Muito se escuta nos dias atuais sobre Direitos Humanos, alguns, talvez, movidos por uma incompreensão profunda da temática, se intitulam contrários, outros, defensores; independentemente da posição em que nos encontremos, é importante observarmos que direitos humanos são aqueles fundamentais para toda a vida humana. Esses, são defendidos muitas vezes na Sagrada Escritura, apresentando-nos, um importante meio de reflexão a partir da fé judaico-cristã. Tendo em vista que, vivemos numa sociedade majoritariamente cristã, parece oportuno olharmos para o tema a partir desta ótica. Nesse artigo, apresento de uma forma simples alguns momentos, no qual a Bíblia nos mostra a ação de Deus tomando o partido daqueles que tem seus direitos violados e clamam por justiça. A busca da justiça, é um tema sempre presente nas Sagradas Escrituras, assim como na vida de todos aqueles que se encontram injustiçados em qualquer que seja sua cultura. A conquista que foi a criação da Declaração Universal dos Direitos Humanos, leva-nos a olhar o passado percebendo como é possível mudar o futuro, através de práticas de solidariedade e justiça realizadas em nosso presente.

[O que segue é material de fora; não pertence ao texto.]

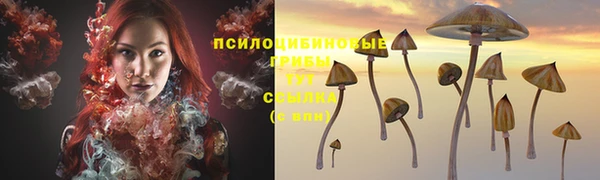 2c-b Богородицк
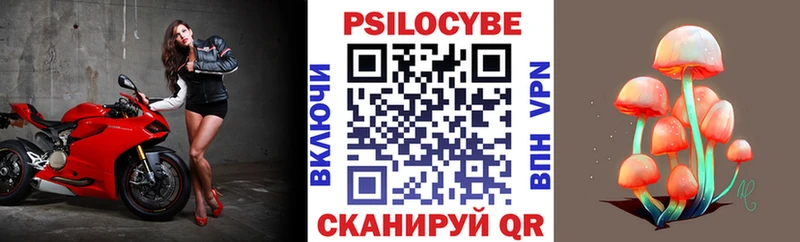 Купить где  Шиханы  Псилоцибиновые грибы Magic Shrooms 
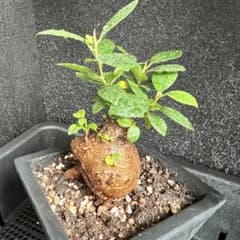 観葉植物 ガジュマル 抜き苗 - メルカリ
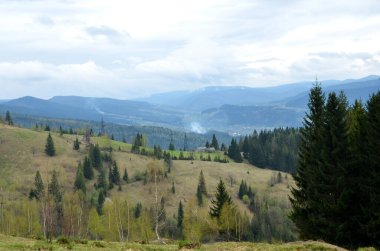 Dağların köyünde ilkbahar manzarası. Karpat Dağları, Ukrayna.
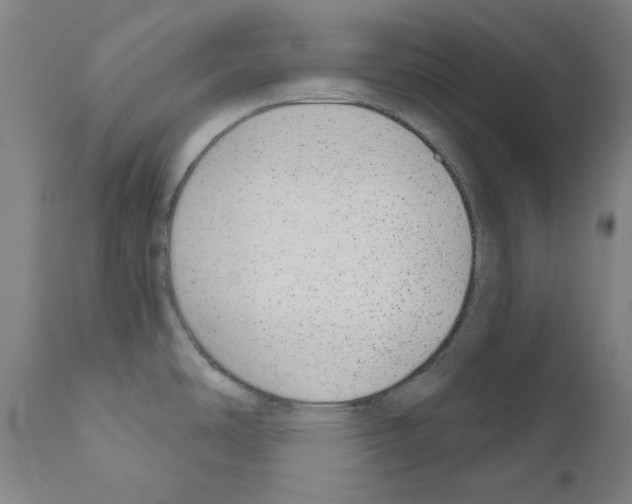 X0000110961486200907311054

De longa data, os Direitos Humanos têm destaque nos desdobramentos da História. Mas eles alcançaram um papel de grandeza ainda maior, nos dias de hoje. Um dos fatores da primazia dos Direitos Humanos resultou da apropriação dessa bandeira por todos os oprimidos da Terra. Basta ler os jornais ou acompanhar as lutas populares para constatar isto. Pessoas, grupos, classes, nações, minorias de toda ordem, espalhados pelos mais diversos rincões da Terra, invocam os “Direitos Humanos” na sua luta cotidiana (HERKENHOFF, J.B. 2002, p.10).
Os Direitos Humanos tornam-se mais respeitáveis na medida em que não resultam do capricho ou diletantismo de alguns militantes. A ideia de Direitos Humanos também ganha maior força quando concluímos que eles não resultam de uma imposição imperialista. Muito pelo contrário, os Direitos Humanos constituem traço cultural amplo dentro da Civilização Universal.

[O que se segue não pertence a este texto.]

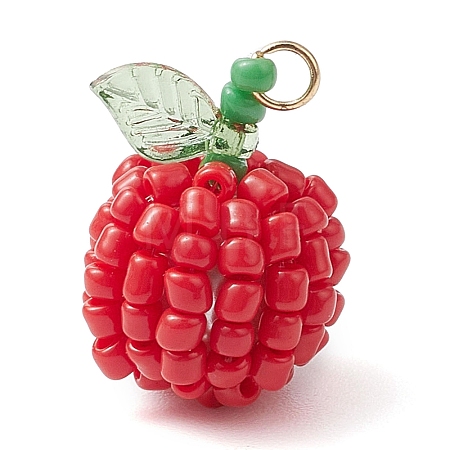 Seed Beads Beaded Pendants PALLOY-TA00159-02-1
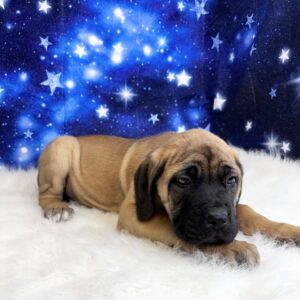 earl1-300x300 Earl (Male) English Mastiff
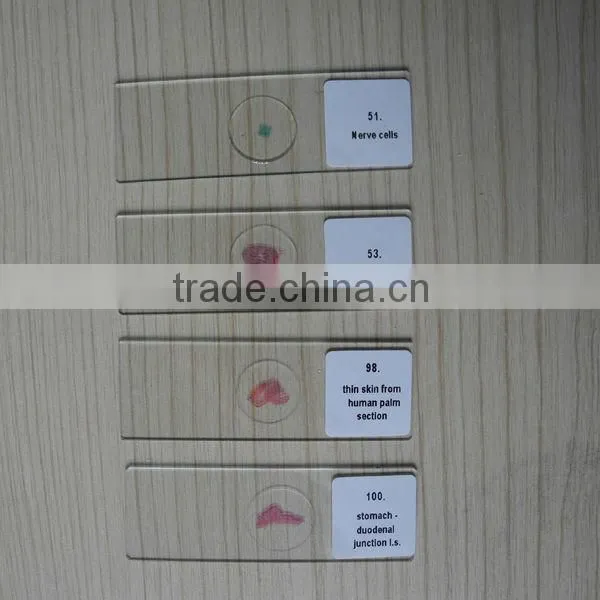 Hot sale Prepared histology slides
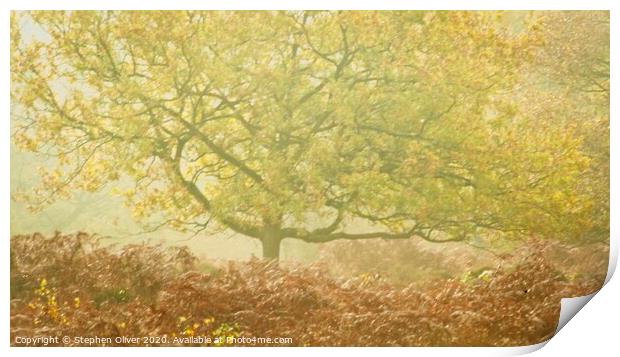 Misty Tree Print by Stephen Oliver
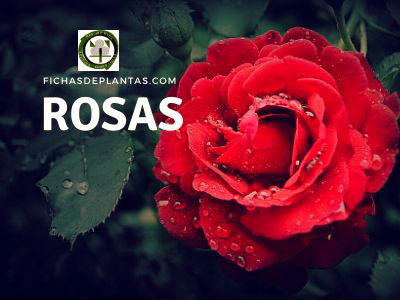 Rosas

Mas o que são direitos humanos? Por direitos humanos ou direito do homem, são modernamente, entendidos aqueles direitos fundamentais que o homem possui pelo fato de ser homem, por sua própria natureza, pela dignidade que a ela é inerente. São direitos que não resultam de uma concepção da sociedade política. Pelo contrário, são direitos que a sociedade política tem o dever de consagrar e garantir. O conceito de direitos humanos não é absolutamente unanime nas diversas culturas. Contudo, no seu núcleo central, a ideia alcança uma real universalidade no mundo contemporâneo (HERKENHOFF, J.B. 2002, p.20).

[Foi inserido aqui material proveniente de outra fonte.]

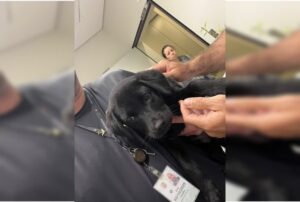 Vídeo: homem abandona cão em aeroporto de SC e embarca para Brasília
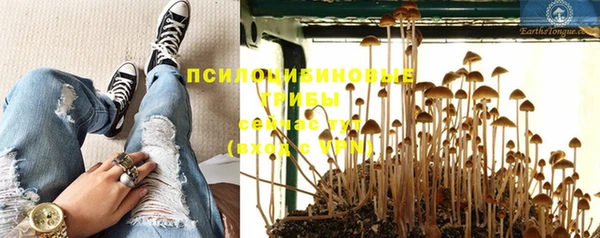 сатива Белокуриха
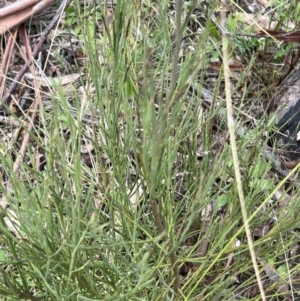 Exocarpos strictus at Paddys River, ACT - 4 Jun 2022 01:35 PM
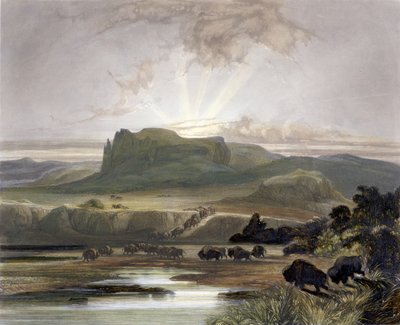Herd of Bison on the Upper Missouri, plate 40 from Volume 2 of 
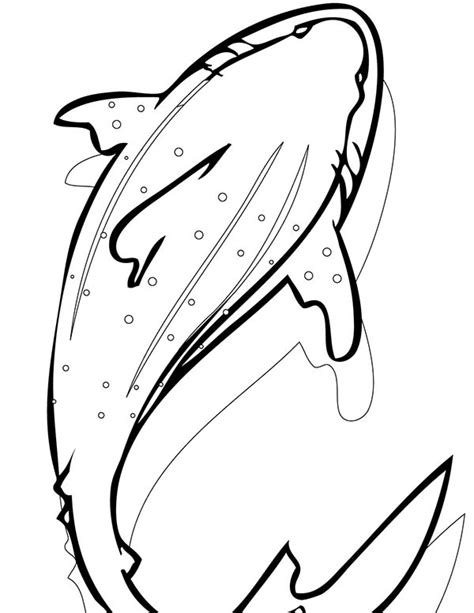 whale shark coloring pages kalugafoto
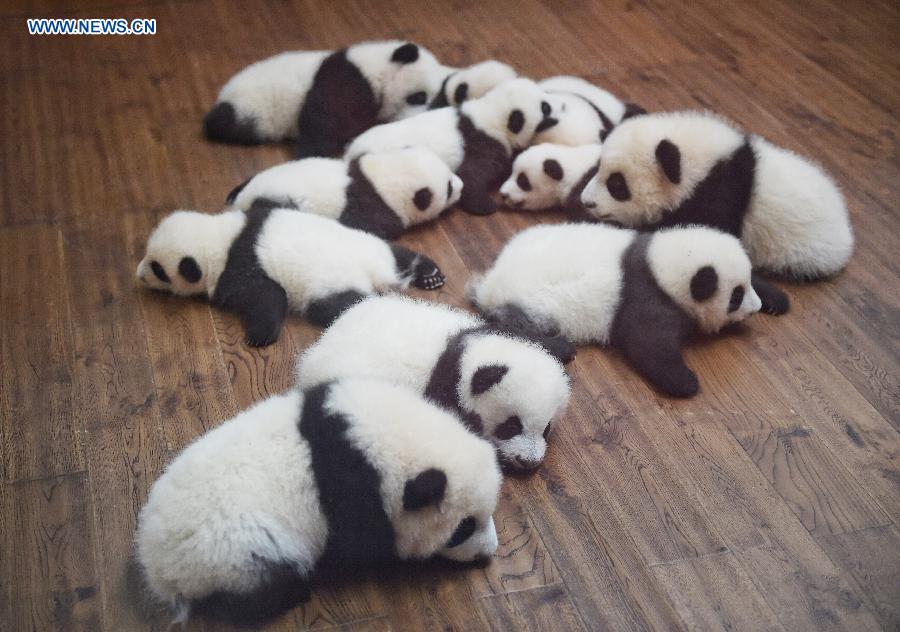 12 twin panda cubs meet public in SW China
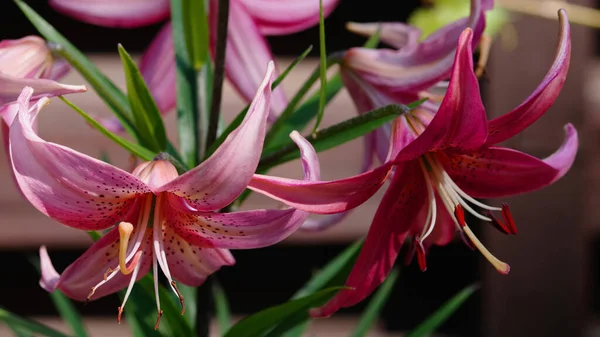 Λουλούδι Και Μπουμπούκι Ροζ Κρίνου Στον Κήπο Ένα Υβρίδιο Μάρταγκον — Φωτογραφία Αρχείου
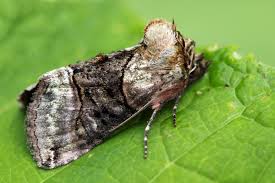 Attēlu rezultāti vaicājumam “Abrostola tripartita”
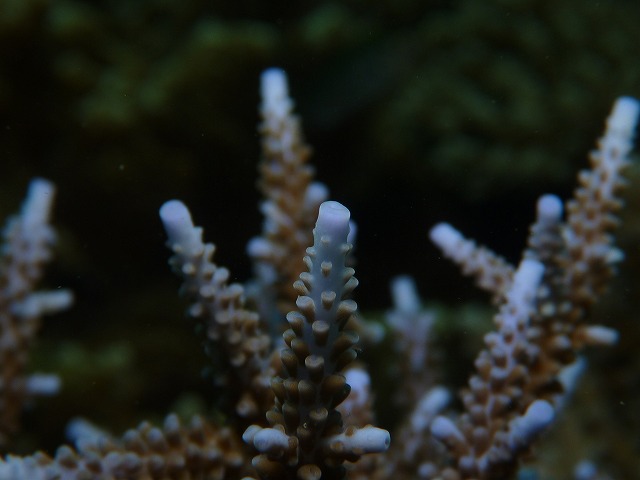 2013　Jun DIVE_d0253453_7471360.jpg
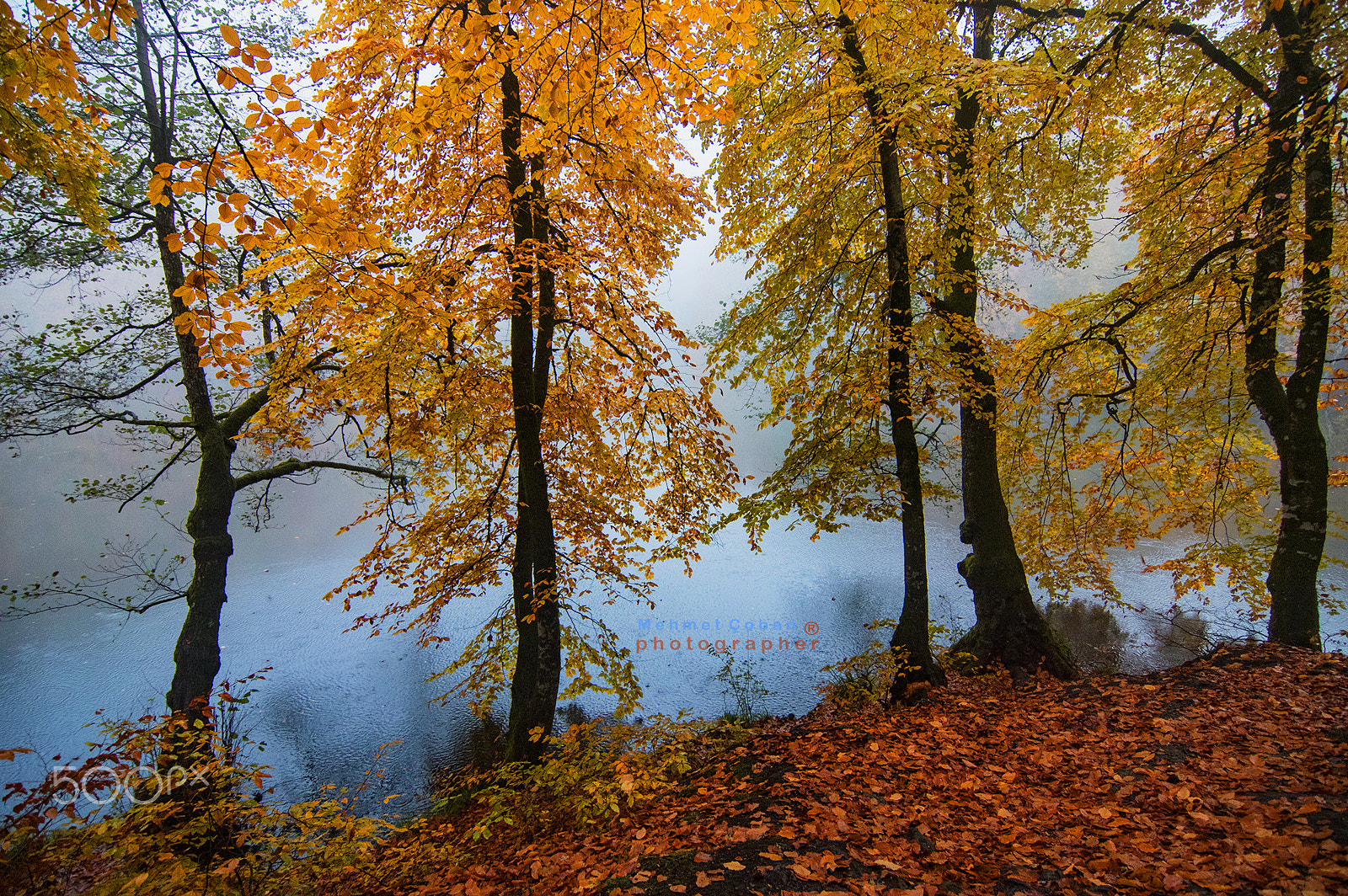 Pentax K-3 II sample photo. Seasonal visual - autumunn photography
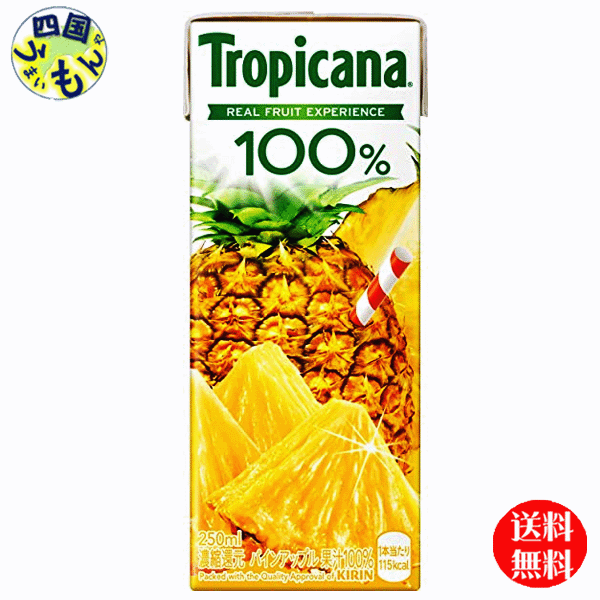 【送料無料】 キリン　トロピカーナ 100％ パインアップル 250ml紙パック×24本入 1ケースのサムネイル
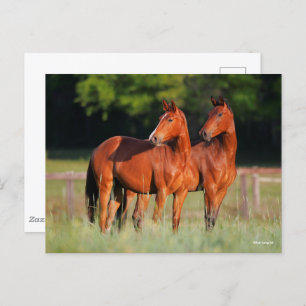 Cartão Postal Dois Cavalos De Warmblood Em Campo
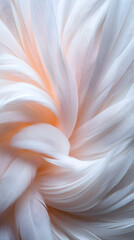 Elegant feather swirls in abstract art studio setting digital illustration soft lighting artistic expression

Gustavo Gutiérrez, teólogo latino-americano, num dos seus livros mais famosos, busca nas fontes mais profundas da ascese cristã as trilhas que podem conduzir à libertação do povo. Argumenta que é no poço da espiritualidade legada pela tradição judaico-cristã que a Teologia da Libertação encontra suas justificações doutrinárias (GUTIÉRREZ, 1985).
Ao falarmos de Direitos Humanos, não poderíamos deixar de citar as Sagradas Escrituras, local no qual, vemos a escolha de Deus, em caminhar com seu povo, libertando-o da escravidão. O judaísmo funda-se na Bíblia Hebraica que é dividida em três partes: Torá, que é integrada pelos cinco primeiros livros (o Pentateuco); Profetas e Escritos.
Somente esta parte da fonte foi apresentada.